M. SHEN GUOFANG (Chine) a déclaré qu’en utilisant fréquemment les sanctions ces dix dernières années, le Conseil de sécurité avait suscité des préoccupations au sein de la communauté internationale en raison des effets non désirés sur les populations.  Le représentant a rappelé que son pays avait toujours soutenu que les sanctions étaient un moyen et non une fin.  Comme pour les opérations de maintien de la paix, il faut envisager pour les sanctions une stratégie de sortie, a déclaré le représentant.  Il a qualifié de «complet et détaillé» le rapport du Groupe de travail tout en espérant qu’il sera adopté le plus rapidement possible.

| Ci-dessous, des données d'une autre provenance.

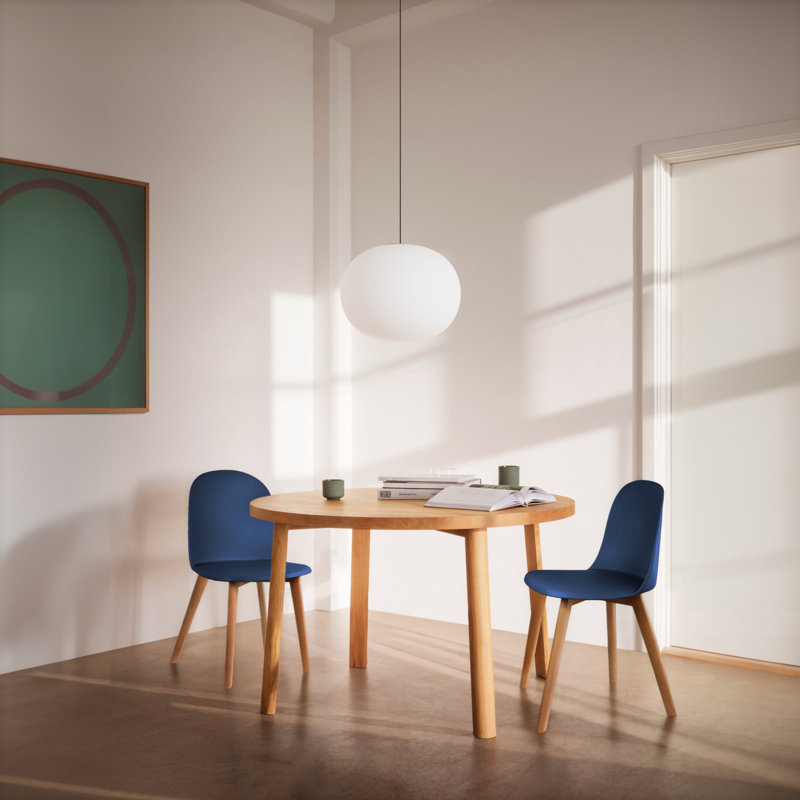 Bozhan Dining Chairs - Armless Side Chairs with Natural Wooden Legs - Set of 2 Modern Kitchen & Dining Room Chairs, Blue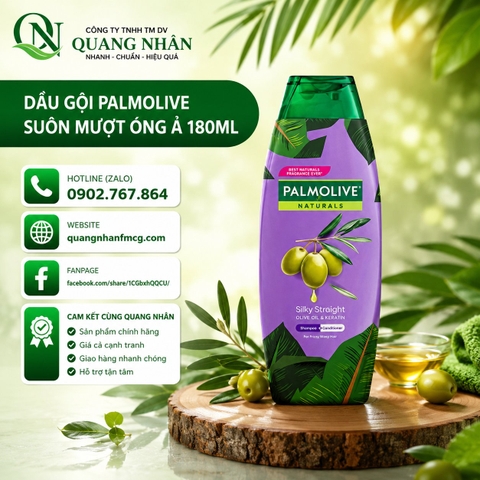 DẦU GỘI CHAI PALMOLIVE SUÔN MƯỢT ỐNG Ả 180ML x 24 CHAI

M. RICHARD RYAN (Irlande) qui s’exprimait en tant que Président du Conseil de sécurité a rappelé en conclusion que le rapport du Groupe de travail sur les sanctions a circulé au mois de février parmi les membres du Conseil sans qu’il soit possible de parvenir à un accord sur le texte final.  Je juge important d’y parvenir aussi vite que possible, a poursuivi le président : un petit nombre de divergences subsistent et, même si elles portent sur des sujets sensibles, elles sont de mon point de vue surmontables. 


Au cours des deux dernières semaines, a-t-il poursuivi, nous avons rencontré les différentes parties pour tenter d’identifier le reste des obstacles, les discussions vont se poursuivre et j’espère pouvoir rapidement rendre compte des nouveaux développements aux membres du Conseil.